Jesse Livermore had no formal education and had never traded equities before. He was a self-made man who learned from both his successes and failures. These successes and failures aided in the formation of trading ideas that can still be found in the market today. Livermore started trading for himself while he was in his early teens, and by the age of sixteen, he had reportedly made gains of over $1,000, which was a lot of money back then. Over the next few years, he made money by betting against "bucket shops," which didn't handle actual deals and instead let consumers gamble against the house on stock price swings.


Peter Lynch

From 1977 through 1990, Peter Lynch was the manager of the Fidelity Magellan Fund, which expanded from $18 million to $14 billion in assets. More crucially, Lynch is said to have outperformed the S&P 500 Index in 11 of those 13 years, with an annual average return of 29%.

Peter Lynch was often referred to as a chameleon because he was able to adapt to whatever investing strategy was working at the moment. Peter Lynch, on the other hand, kept to what he knew and/or could easily understand when it came to picking certain stocks.


George Soros

George Soros was an expert at turning broad economic patterns into highly leveraged, winning bond and currency trades. Soros was a short-term speculator when it came to investing, placing large bets in the direction of financial markets. George Soros launched the hedge fund firm Soros Fund Management in 1973, which later became the well-known and respected Quantum Fund. He led this aggressive and profitable hedge fund for nearly two decades, reputedly generating annual returns of more than 30% and, in two instances, annual returns of more than 100%.


Warren Buffett

Warren Buffett dubbed the "Oracle of Omaha," is regarded as one of the most successful investors in history.

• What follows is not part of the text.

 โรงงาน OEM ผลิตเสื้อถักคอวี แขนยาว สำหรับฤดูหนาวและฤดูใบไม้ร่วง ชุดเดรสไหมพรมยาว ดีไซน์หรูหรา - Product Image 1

Following Benjamin Graham's ideals, he has created a multibillion-dollar fortune mostly through Berkshire Hathaway's stock and company purchases. Berkshire Hathaway shareholders who invested $10,000 in the company in 1965 currently own more than $165 million in the company.

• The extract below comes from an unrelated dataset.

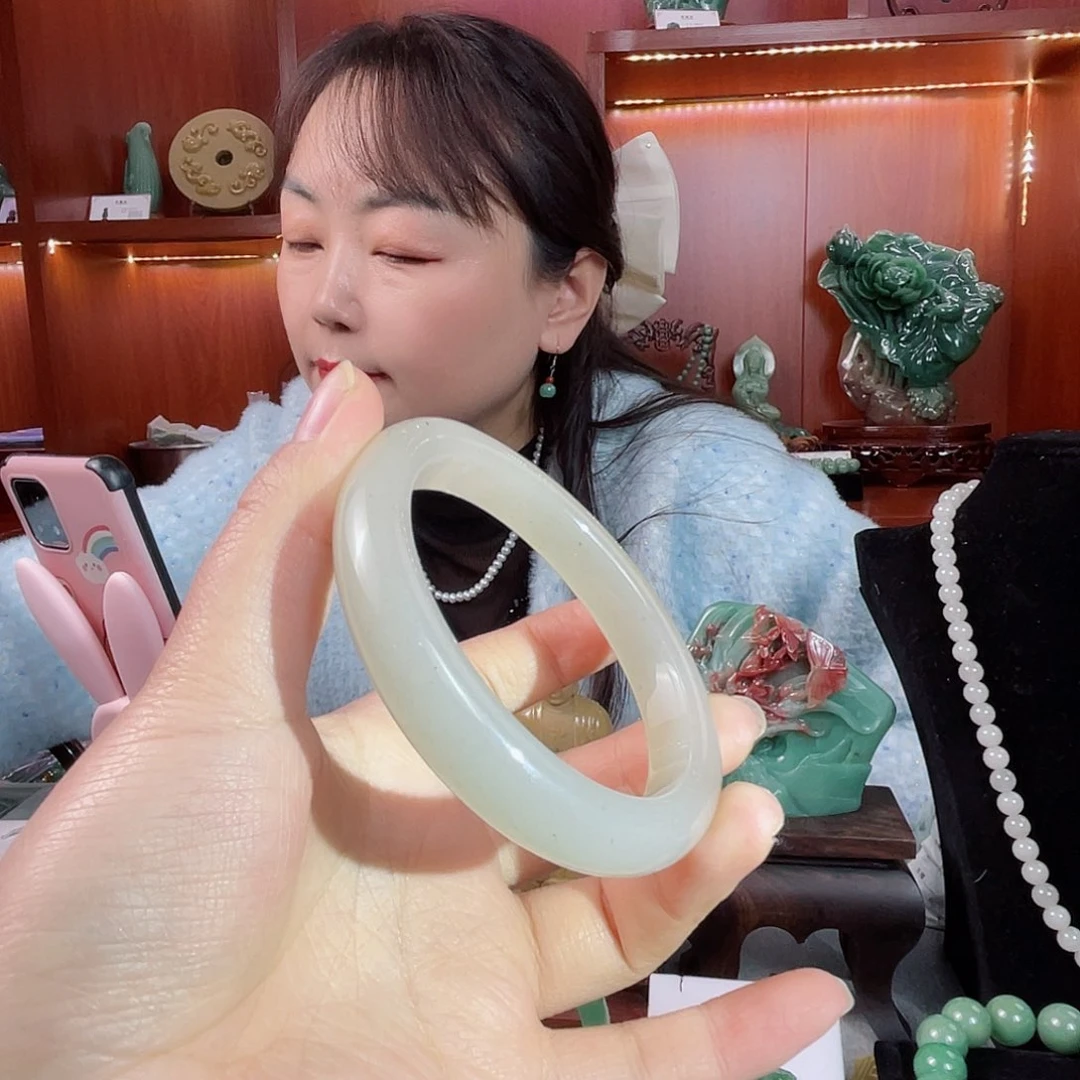 密玉（石英质玉）吊坠未镶嵌57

For decades, Buffett's investing strategy of discipline, patience, and value has outperformed the market.


John (Jack) Bogle

Bogle founded the Vanguard Group mutual fund company in 1975, and it has since evolved to become one of the largest and most recognized fund sponsors in the world. For millions of investors, Bogle pioneered the no-load mutual fund and championed low-cost index investing. He created and launched the first index fund, Vanguard 500, in 1976. Jack Bogle's investing technique favors no-load, low-cost, low-turnover, and passively managed broad-based index mutual funds for collecting market gains.


Carl Icahn

Carl Icahn is an outspoken activist investor who utilizes his ownership stakes in publicly traded firms to compel reforms that will boost the value of his stock. Icahn began his corporate raiding career in earnest in the late 1970s, and his hostile purchase of TWA in 1985 put him in the major leagues. The "Icahn Lift" is what made Icahn famous. This is a term used on Wall Street to describe the upward spike in a firm's stock price that occurs when Carl Icahn begins buying stock in a company he believes is mismanaged.


William H. Gross

Bill Gross is the world's leading bond fund manager and is known as the "King of Bonds." As the founder and managing director of the PIMCO family of bond funds, he and his colleagues oversee more than $1.92 trillion in fixed-income assets.

For his contributions to the growth of bond and portfolio analysis, Gross was the first portfolio manager elected into the Fixed-Income Analyst Society Inc. hall of fame in 1996.


The Bottom Line

As any seasoned investor knows, finding your own path and generating market-beating long-term returns is no easy feat. As a result, it's easy to see how these investors became famous in the financial world.